◆ WORK REQUEST: The reply should contain all the data below, repeated exactly, and none of the images.

◆ MATERIAL PROVIDED:
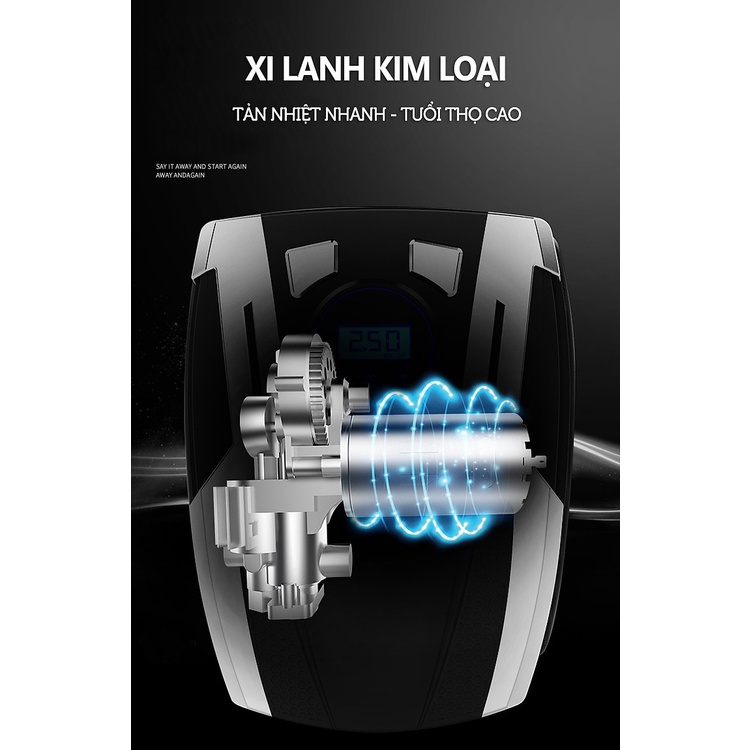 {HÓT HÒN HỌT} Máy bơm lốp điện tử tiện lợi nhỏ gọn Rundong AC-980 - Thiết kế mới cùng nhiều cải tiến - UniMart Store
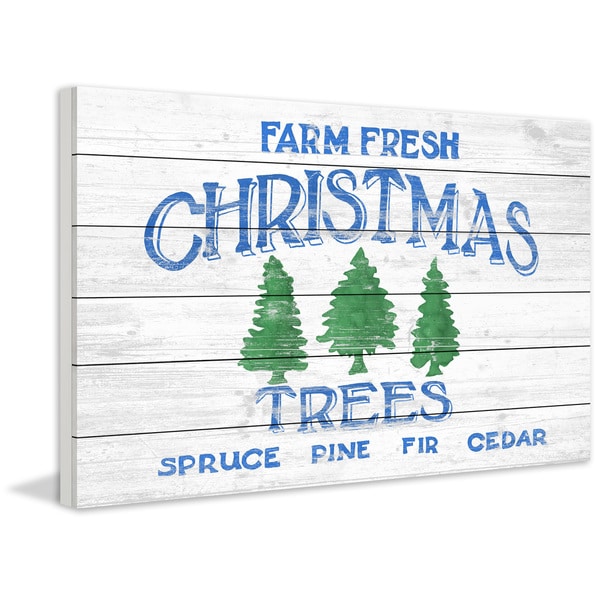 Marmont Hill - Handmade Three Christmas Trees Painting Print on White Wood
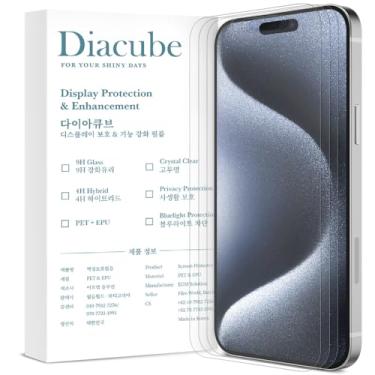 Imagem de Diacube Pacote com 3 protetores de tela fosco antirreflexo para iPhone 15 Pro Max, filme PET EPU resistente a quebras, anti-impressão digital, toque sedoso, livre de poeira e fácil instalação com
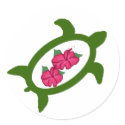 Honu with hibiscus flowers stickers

◆ THE ANSWER:
 {HÓT HÒN HỌT} Máy bơm lốp điện tử tiện lợi nhỏ gọn Rundong AC-980 - Thiết kế mới cùng nhiều cải tiến - UniMart Store
 Marmont Hill - Handmade Three Christmas Trees Painting Print on White Wood
 Imagem de Diacube Pacote com 3 protetores de tela fosco antirreflexo para iPhone 15 Pro Max, filme PET EPU resistente a quebras, anti-impressão digital, toque sedoso, livre de poeira e fácil instalação com
 Honu with hibiscus flowers stickers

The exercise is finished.